Garden Salad
Fresh and crisp garden salad with mixed greens, vegetables, and a light vinaigrette.
15 mins
Prep Time
0 mins
Cook Time
4
Servings
Ingredients
- 4 cups mixed greens (lettuce, spinach, arugula)
- 1 cucumber, sliced
- 1 cup cherry tomatoes, halved
- 1/2 red onion, thinly sliced
- 1 bell pepper, diced
- 1/4 cup olive oil
- 2 tbsp balsamic vinegar
- 1 tsp Dijon mustard
- 1 tsp honey
- Salt and pepper to taste
Nutrition Facts
Instructions
Wash and dry all the vegetables thoroughly to ensure they are clean and crisp.
Chop the mixed greens into bite-sized pieces and place them in a large salad bowl.
Slice the cucumber, halve the cherry tomatoes, thinly slice the red onion, and dice the bell pepper.
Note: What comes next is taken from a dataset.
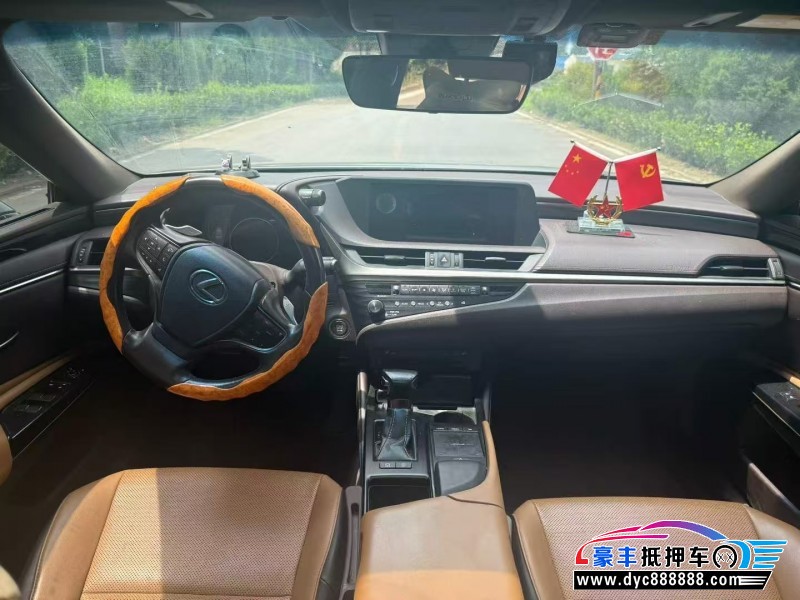 19年雷克萨斯ES轿车抵押车出售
Add them to the bowl with the greens.
In a small bowl, whisk together the olive oil, balsamic vinegar, Dijon mustard, honey, salt, and pepper to make the vinaigrette.
Drizzle the vinaigrette over the salad and toss gently to coat all the ingredients evenly.
Serve immediately for the freshest taste, or refrigerate for up to 30 minutes before serving if you prefer a chilled salad.
Chef's Tips
- Freshness Tip: Use the freshest vegetables available for the best flavor and texture.
- Dressing Variations: Substitute balsamic vinegar with lemon juice or apple cider vinegar for a different taste.
- Add-Ins: Enhance the salad with avocado slices, crumbled feta cheese, or toasted nuts for extra flavor and texture.
- Storage: If preparing ahead, keep the dressing separate and toss just before serving to prevent the greens from wilting.
- Customization: Feel free to add or substitute any vegetables based on seasonal availability or personal preference.